● What to do:
From the data below, copy exactly the lines that lie between the one holding "A pair of polychrome porcelain figures" and the one holding "A hotel room", including both, and nothing more.

● Record excerpts:
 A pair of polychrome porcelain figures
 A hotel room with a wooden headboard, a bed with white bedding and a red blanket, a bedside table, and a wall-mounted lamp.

--

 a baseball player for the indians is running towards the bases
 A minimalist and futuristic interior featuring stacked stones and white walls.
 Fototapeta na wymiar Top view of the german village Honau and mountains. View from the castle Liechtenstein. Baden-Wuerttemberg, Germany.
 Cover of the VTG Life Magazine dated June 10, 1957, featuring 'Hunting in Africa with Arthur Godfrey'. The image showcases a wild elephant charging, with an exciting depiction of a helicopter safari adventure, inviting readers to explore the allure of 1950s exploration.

● Response to this exercise:
 A pair of polychrome porcelain figures
 A hotel room with a wooden headboard, a bed with white bedding and a red blanket, a bedside table, and a wall-mounted lamp.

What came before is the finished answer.